Agir en partenariat avec des entreprises qui s’engagent
Le collectif Caélif met en relation les étudiant.e.s à la recherche d’une expérience professionnelle avec les entreprises engagées sur les questions d’identités de genre et d’orientations sexuelles. Depuis plus d’un an, le collectif construit un réseau d’entreprises en phase avec les attentes des nouvelles générations. “On s’assure aussi que leurs engagements sont sincères, qu’elles ne pratiquent pas de pinkwashing”, complète Claire.
ESCAPE, l’association LGBTQ+ de l’école de commerce l’ESCP organise chaque année les LGBT Talents, le plus gros forum de recrutement LGBT en France. “Des entreprises comme EY ou BCG sont présentes et organisent des workshops pour prouver leurs actions en faveur de l’inclusion”, décrit la secrétaire générale de l’association. ESCAPE est également soutenue financièrement par EY, “ce qui en dit long sur son engagement”, ajoute l’étudiante.
Sans surprise, les entreprises de la Tech venues de la Silicon Valley sont nombreuses à montrer l’exemple. Le géant Google organise des ateliers “relecture de CV” pour les membres du Caélif. “Ce sont surtout les actions concrètes qui plaisent aux étudiant.e.s. Les entreprises ne peuvent plus simplement faire un discours pour convaincre, elles doivent aller plus loin”, remarque l’étudiante membre du pôle corporate du Caélif.
L’Autre Cercle, bientôt partenaire des étudiant.e.s ?

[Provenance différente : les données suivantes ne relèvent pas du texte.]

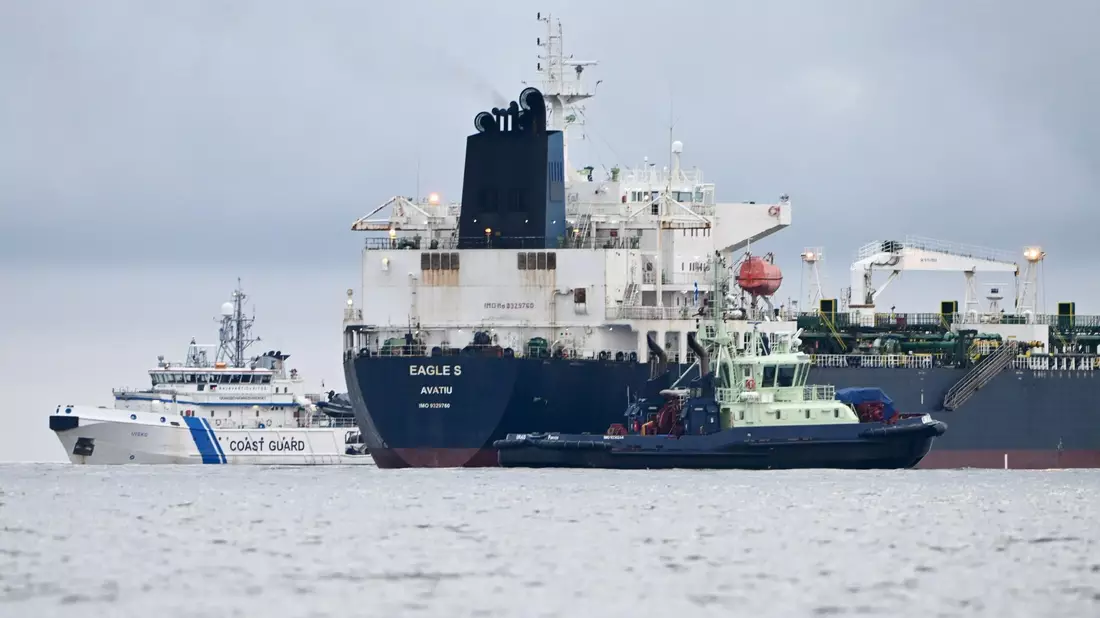 Der Öltanker «Eagle S» soll in einen Hafen gebracht werden.  - Bild: Jussi Nukari/Lehtikuva/dpa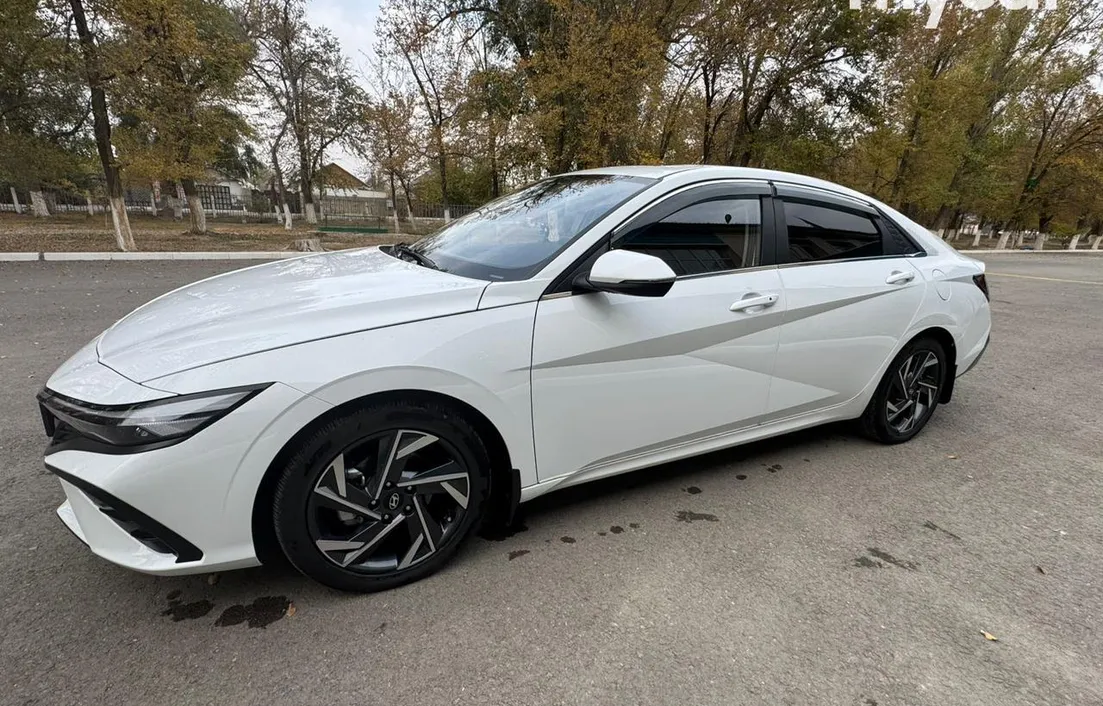 Hyundai Elantra 2024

Le Caélif collabore avec l’Autre Cercle, association qui agit pour l’insertion professionnelle des personnes de la communauté LGBTQ+. En ce moment, l’association discute avec de nombreux établissements d’enseignement supérieur pour qu’ils signent une déclinaison de leur Charte LGBT+ incitant les professeur.e.s, l’administration et les étudiant.e.s à évoluer sur le terrain de l’inclusion. “Mais, la charte ne réglemente pas les relations entre une école et une de ses entreprises partenaires qui ne se positionne pas sur le sujet LGBTQ+. Simplement, on conseille aux établissements de concevoir leur classement des entreprises les plus appréciées par les étudiant.e.s en prenant en compte leur engagement LGBTQ+”, précise Catherine Tripon, porte-parole de l’Autre Cercle et co-animatrice de la Charte.
Gagner en influence
Les associations étudiantes peuvent-elles avoir un impact sur les pratiques managériales des entreprises ? C’est déjà le cas, dans des secteurs hautement concurrentiels comme la tech. Pour répondre aux exigences de nouvelles générations et pouvoir recruter de nouveaux talents, les responsables RH s’ouvrent à la diversité et à l’inclusion. En 2019, 80% des millenials déclaraient que la politique de l’employeur en matière de diversité, d’égalité et d’inclusion jouait dans le choix d’un nouveau job (d’après l’étude PwC « Out to Succeed : Realising the full potential of your LGBT talent »). “Même si les entreprises ont réalisé que le rapport de force était inversé, elles peinent à mettre en confiance leurs nouvelles recrues LGBTQ+. Il y a encore trop peu de “rôles modèles premier emploi”, confirme Catherine Tripon.
Comment faire bouger les lignes ? “Tant que les associations ne seront pas présentes dans les instances de gouvernance de leurs établissements, elles ne pourront pas faire pression sur les employeurs non inclusifs”, estime la porte-parole de l’Autre Cercle. Ensemble, établissements et associations doivent travailler avec les entreprises qui bougent et “former” celles qui n’ont pas encore compris l’impact d’une politique LGBT-friendly.